The anguish I expected? Not there. The regret I was told I'd feel? Didn't happen. I enjoy my friends' kids; I love being an indulgent aunty. But I'm so very glad now that it didn't happen for me. I find, much to my delight, that I actually adore being childless. And I mean childless. "Childfree" smacks of rationalisation and I don't feel that need.

While researching her book, Will You Be Mother?, author Jane Bartlett told me that women who don't want children have always known it from a very early age. Successful career women such as Lindsey Hilsum, who wrote in this paper last week, and writer Joan Smith, knew all along that being a mother wasn't for them.

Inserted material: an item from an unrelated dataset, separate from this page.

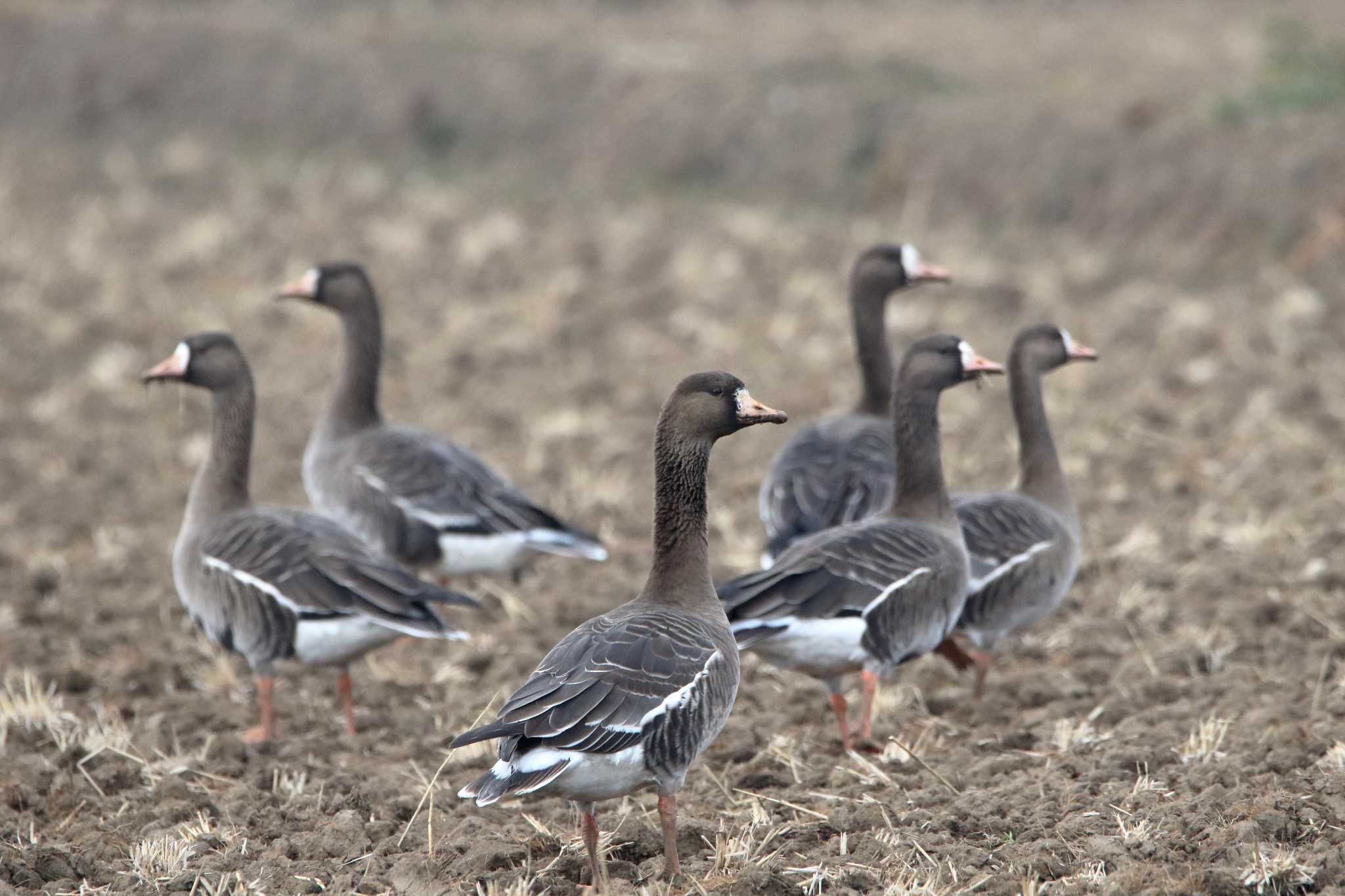 Photo of Greater White-fronted Goose at 宮城県登米市 by shin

These women are rare, though. Most women either want children, or fear they'll regret it if they don't. Yet how can you possibly project a decade forward and find out if having kids or not is the way to go, as suggested in Baby Hunger by Sylvia Ann Hewlett, who proposes that women start planning their families in their early 20s. It seems you really can't start too early with the worry, the fears, the anguish.

Everybody thinks they have a right to input into women's decisions. Friends, family and work colleagues are all forever ask when you are going to have kids, and if not why not. There is a constant drip, drip, drip of pressure, a need to justify yourself in a way parents never have to.

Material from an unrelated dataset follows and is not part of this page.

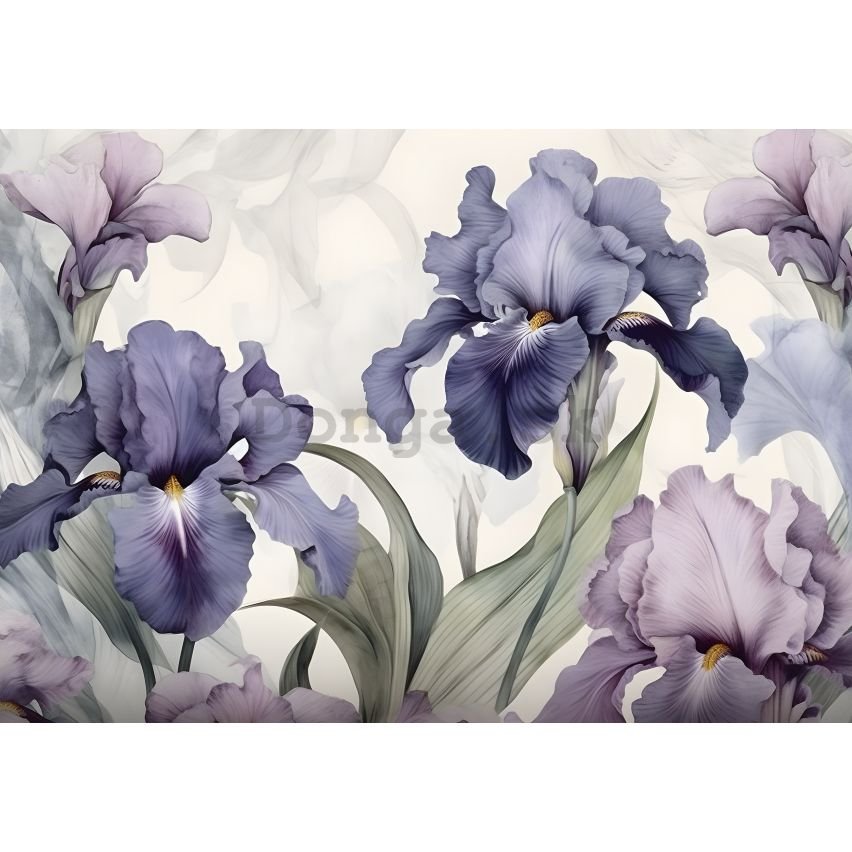 Fototapeta vliesová: Nature Flowers Modern Romantic Iris - 152,5x104 cm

Suzi Leather, the new chair of the Human Fertility and Embryology Authority, said this week that women should not be panicked into pregnancy like this just because they are scared they'll regret it later.

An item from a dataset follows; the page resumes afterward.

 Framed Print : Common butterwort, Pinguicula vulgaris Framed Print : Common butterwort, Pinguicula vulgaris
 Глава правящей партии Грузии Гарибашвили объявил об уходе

As the mother of three children, that's very easy for her to say, but she is right. There really is more to life than having children, and perhaps it takes a parent to have the guts to say this. In fact it is usually harangued and hassled parents who congratulate me the most on my childless choice; though in my case it was not so much a choice, more a case of time running out and me happily letting it run.

When you can't make decisions about even the simplest things, it's actually quite nice when nature does it for you; and, no, I never considered IVF because, unlike the professional, driven career woman my choice is supposed to represent, I simply could not afford it.

Which is where I part company with the whole to-have-or-not-to-have-kids debate. Like so many social issues today, it has been hijacked by the middle classes. You can be an earth mother, working mother (professional woman, of course) or childless career woman. Always there's the assumption that a woman who doesn't have kids is a high-flier and high-earner. But why?

I know poorly paid factory workers who have been sterilised because they didn't want kids. It doesn't follow that the childless among us are forging ahead in our careers, earning buckets of money and dressing head-to-toe in designer gear. And nor does it follow that the childless are necessarily single. I've been in a relationship for more than a decade and not having kids has, if anything, strengthened our love. As any counsellor will tell you, it's the birth of the first child that threatens a couple the most. Childless couples are frequently the happiest, since they don't face a constant tussle for their attention, their affection and their purses.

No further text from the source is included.